Maybe I'll e-mail the Cricket Fiddle builder and see how they string their instruments.

Thanks for your input.

Followed both of your advice ... and heave been looking at  videos and other sites. Found this one with an alto in my budget by James Jones. Any thoughts?



Case is separate and shipping charges for the psaltery on top of that.  Sound is OK.  I don't care for the 

looks of the bow but that's a personal preference.  I've had four kinds and LOVE my slender, light weight, Rick Long bows.  I have 4 of them - 2 in each size.  But you can switch bows later on easily.  Of the available $250 altos, #4 and #5 sound the most appealing.  Walnut backs and redwood tops.  That's a nice   sound combination usually.  

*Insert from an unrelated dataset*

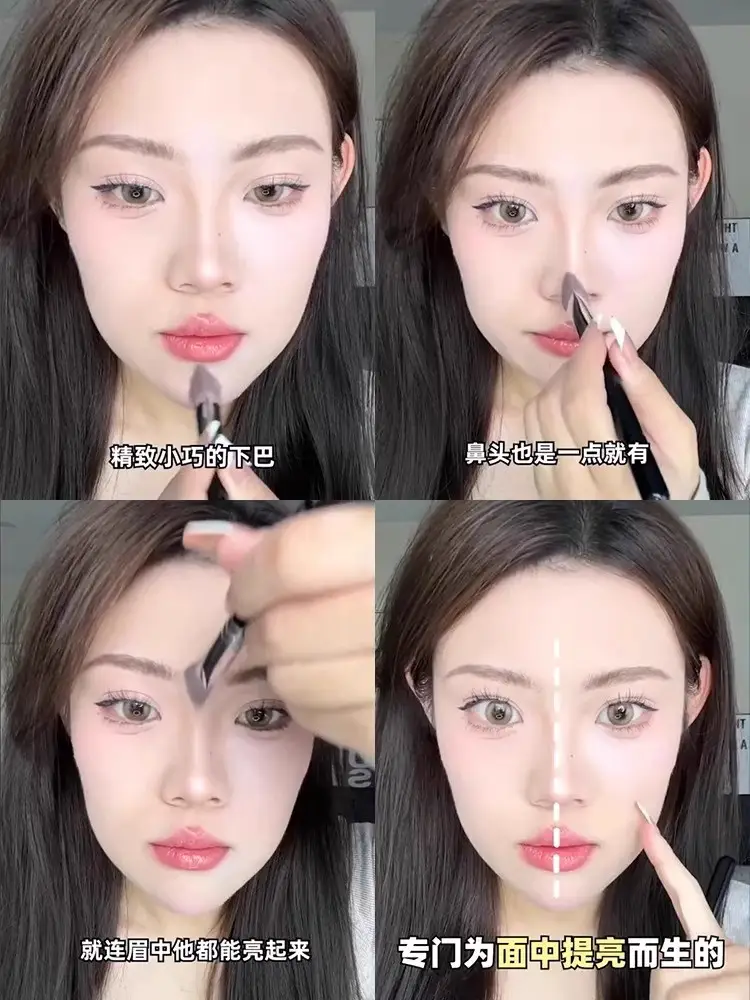 Triangle High Glow Iron Brush Brightening Brush Tear Groove Surface Medium French Pattern Concealer Brush Cangzhou Qingxian Pure White Makeup Brush — feature 20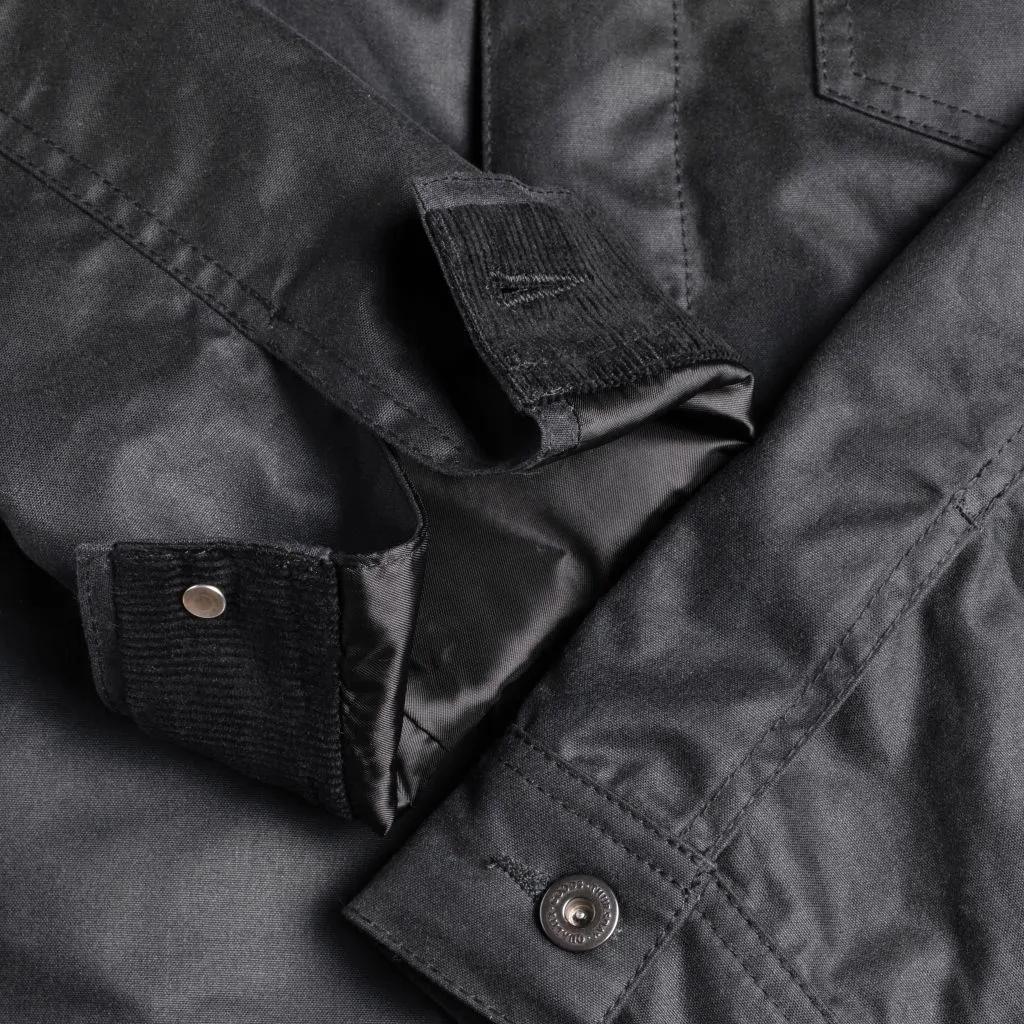 Thursday Waxed Canvas Field Jacket | Charcoal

I was looking at that Cricket Fiddle Psaltery again....it's 30 strings and I like the note range....that wooden case would cost if you were to buy one...can't tell much about the bow, but you can get another bow....

It has a distinct personality with that sound hole....

just thinking out loud

The Cricket Fiddle one does have possibilities.  Not a bad price - not sure about shipping charges.  Nice it has the case and tuning wrench.   Too bad you can't listen to it.

Just heard from the builder at Cricket Fiddle. He seems very nice and upfront. He wrote:

"Also want to point out that the poor old thing has had an active life and has acquired, over the years, several tiny (and barely perceptible) cosmetic flaws. The soundboard has some discoloration on it too."


He sent me more than a few pictures to show the flaws, There is a gouge by the sound hole.